***** SUPPLIED INFORMATION
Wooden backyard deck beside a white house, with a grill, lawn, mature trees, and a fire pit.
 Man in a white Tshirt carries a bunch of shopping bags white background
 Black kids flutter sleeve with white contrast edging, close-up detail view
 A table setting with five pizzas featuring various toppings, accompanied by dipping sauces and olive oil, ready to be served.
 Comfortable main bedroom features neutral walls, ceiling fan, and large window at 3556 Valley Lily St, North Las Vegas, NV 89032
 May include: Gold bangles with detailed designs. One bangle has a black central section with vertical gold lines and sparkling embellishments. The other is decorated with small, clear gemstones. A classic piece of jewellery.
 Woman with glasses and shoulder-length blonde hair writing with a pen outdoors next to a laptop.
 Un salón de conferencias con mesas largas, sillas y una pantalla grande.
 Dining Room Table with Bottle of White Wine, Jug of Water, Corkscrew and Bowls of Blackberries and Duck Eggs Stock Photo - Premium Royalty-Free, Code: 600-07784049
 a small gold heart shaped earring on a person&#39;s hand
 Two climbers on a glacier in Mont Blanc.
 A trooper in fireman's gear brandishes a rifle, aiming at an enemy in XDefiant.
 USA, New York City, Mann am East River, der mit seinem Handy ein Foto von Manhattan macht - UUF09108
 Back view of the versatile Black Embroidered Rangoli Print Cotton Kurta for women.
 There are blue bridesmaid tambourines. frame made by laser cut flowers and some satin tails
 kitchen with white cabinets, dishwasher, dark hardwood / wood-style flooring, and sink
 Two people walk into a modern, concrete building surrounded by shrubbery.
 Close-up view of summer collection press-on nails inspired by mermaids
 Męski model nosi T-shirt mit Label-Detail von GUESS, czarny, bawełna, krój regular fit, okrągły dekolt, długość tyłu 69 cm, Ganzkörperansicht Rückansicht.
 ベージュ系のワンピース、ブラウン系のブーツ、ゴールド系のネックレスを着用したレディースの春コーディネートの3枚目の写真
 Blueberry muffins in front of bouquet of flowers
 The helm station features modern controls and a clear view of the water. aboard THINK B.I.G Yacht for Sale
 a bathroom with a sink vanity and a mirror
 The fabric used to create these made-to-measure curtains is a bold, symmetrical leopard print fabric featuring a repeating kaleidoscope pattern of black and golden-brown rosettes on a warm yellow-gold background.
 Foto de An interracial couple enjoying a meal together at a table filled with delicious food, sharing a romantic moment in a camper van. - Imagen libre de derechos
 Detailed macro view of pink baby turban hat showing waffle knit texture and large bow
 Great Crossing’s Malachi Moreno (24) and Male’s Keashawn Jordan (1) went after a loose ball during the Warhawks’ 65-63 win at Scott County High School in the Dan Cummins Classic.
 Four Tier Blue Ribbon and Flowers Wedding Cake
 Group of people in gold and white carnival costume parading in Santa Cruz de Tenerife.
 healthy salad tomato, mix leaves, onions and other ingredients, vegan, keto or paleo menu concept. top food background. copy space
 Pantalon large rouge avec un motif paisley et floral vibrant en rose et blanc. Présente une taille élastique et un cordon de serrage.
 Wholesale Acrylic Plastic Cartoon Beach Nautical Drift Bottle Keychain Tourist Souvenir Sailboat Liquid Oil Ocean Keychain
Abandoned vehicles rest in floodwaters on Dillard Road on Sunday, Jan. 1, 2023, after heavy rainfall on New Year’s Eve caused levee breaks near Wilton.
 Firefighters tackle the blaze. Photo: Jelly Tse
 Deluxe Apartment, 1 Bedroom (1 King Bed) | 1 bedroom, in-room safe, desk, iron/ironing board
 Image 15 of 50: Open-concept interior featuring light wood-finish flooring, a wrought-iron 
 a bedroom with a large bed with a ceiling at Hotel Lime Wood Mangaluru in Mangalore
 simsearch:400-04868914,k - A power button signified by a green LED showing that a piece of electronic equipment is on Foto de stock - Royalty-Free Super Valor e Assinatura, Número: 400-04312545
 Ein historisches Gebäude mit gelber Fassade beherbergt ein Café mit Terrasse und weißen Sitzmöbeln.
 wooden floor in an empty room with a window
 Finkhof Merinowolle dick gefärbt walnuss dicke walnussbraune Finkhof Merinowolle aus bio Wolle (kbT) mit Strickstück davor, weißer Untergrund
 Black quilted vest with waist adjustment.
**********
**THE TASK**
Reproduce the data exactly, altering nothing.

**RESPONSE TO THE EXERCISE**
Wooden backyard deck beside a white house, with a grill, lawn, mature trees, and a fire pit.
 Man in a white Tshirt carries a bunch of shopping bags white background
 Black kids flutter sleeve with white contrast edging, close-up detail view
 A table setting with five pizzas featuring various toppings, accompanied by dipping sauces and olive oil, ready to be served.
 Comfortable main bedroom features neutral walls, ceiling fan, and large window at 3556 Valley Lily St, North Las Vegas, NV 89032
 May include: Gold bangles with detailed designs. One bangle has a black central section with vertical gold lines and sparkling embellishments. The other is decorated with small, clear gemstones. A classic piece of jewellery.
 Woman with glasses and shoulder-length blonde hair writing with a pen outdoors next to a laptop.
 Un salón de conferencias con mesas largas, sillas y una pantalla grande.
 Dining Room Table with Bottle of White Wine, Jug of Water, Corkscrew and Bowls of Blackberries and Duck Eggs Stock Photo - Premium Royalty-Free, Code: 600-07784049
 a small gold heart shaped earring on a person&#39;s hand
 Two climbers on a glacier in Mont Blanc.
 A trooper in fireman's gear brandishes a rifle, aiming at an enemy in XDefiant.
 USA, New York City, Mann am East River, der mit seinem Handy ein Foto von Manhattan macht - UUF09108
 Back view of the versatile Black Embroidered Rangoli Print Cotton Kurta for women.
 There are blue bridesmaid tambourines. frame made by laser cut flowers and some satin tails
 kitchen with white cabinets, dishwasher, dark hardwood / wood-style flooring, and sink
 Two people walk into a modern, concrete building surrounded by shrubbery.
 Close-up view of summer collection press-on nails inspired by mermaids
 Męski model nosi T-shirt mit Label-Detail von GUESS, czarny, bawełna, krój regular fit, okrągły dekolt, długość tyłu 69 cm, Ganzkörperansicht Rückansicht.
 ベージュ系のワンピース、ブラウン系のブーツ、ゴールド系のネックレスを着用したレディースの春コーディネートの3枚目の写真
 Blueberry muffins in front of bouquet of flowers
 The helm station features modern controls and a clear view of the water. aboard THINK B.I.G Yacht for Sale
 a bathroom with a sink vanity and a mirror
 The fabric used to create these made-to-measure curtains is a bold, symmetrical leopard print fabric featuring a repeating kaleidoscope pattern of black and golden-brown rosettes on a warm yellow-gold background.
 Foto de An interracial couple enjoying a meal together at a table filled with delicious food, sharing a romantic moment in a camper van. - Imagen libre de derechos
 Detailed macro view of pink baby turban hat showing waffle knit texture and large bow
 Great Crossing’s Malachi Moreno (24) and Male’s Keashawn Jordan (1) went after a loose ball during the Warhawks’ 65-63 win at Scott County High School in the Dan Cummins Classic.
 Four Tier Blue Ribbon and Flowers Wedding Cake
 Group of people in gold and white carnival costume parading in Santa Cruz de Tenerife.
 healthy salad tomato, mix leaves, onions and other ingredients, vegan, keto or paleo menu concept. top food background. copy space
 Pantalon large rouge avec un motif paisley et floral vibrant en rose et blanc. Présente une taille élastique et un cordon de serrage.
 Wholesale Acrylic Plastic Cartoon Beach Nautical Drift Bottle Keychain Tourist Souvenir Sailboat Liquid Oil Ocean Keychain
Abandoned vehicles rest in floodwaters on Dillard Road on Sunday, Jan. 1, 2023, after heavy rainfall on New Year’s Eve caused levee breaks near Wilton.
 Firefighters tackle the blaze. Photo: Jelly Tse
 Deluxe Apartment, 1 Bedroom (1 King Bed) | 1 bedroom, in-room safe, desk, iron/ironing board
 Image 15 of 50: Open-concept interior featuring light wood-finish flooring, a wrought-iron 
 a bedroom with a large bed with a ceiling at Hotel Lime Wood Mangaluru in Mangalore
 simsearch:400-04868914,k - A power button signified by a green LED showing that a piece of electronic equipment is on Foto de stock - Royalty-Free Super Valor e Assinatura, Número: 400-04312545
 Ein historisches Gebäude mit gelber Fassade beherbergt ein Café mit Terrasse und weißen Sitzmöbeln.
 wooden floor in an empty room with a window
 Finkhof Merinowolle dick gefärbt walnuss dicke walnussbraune Finkhof Merinowolle aus bio Wolle (kbT) mit Strickstück davor, weißer Untergrund
 Black quilted vest with waist adjustment.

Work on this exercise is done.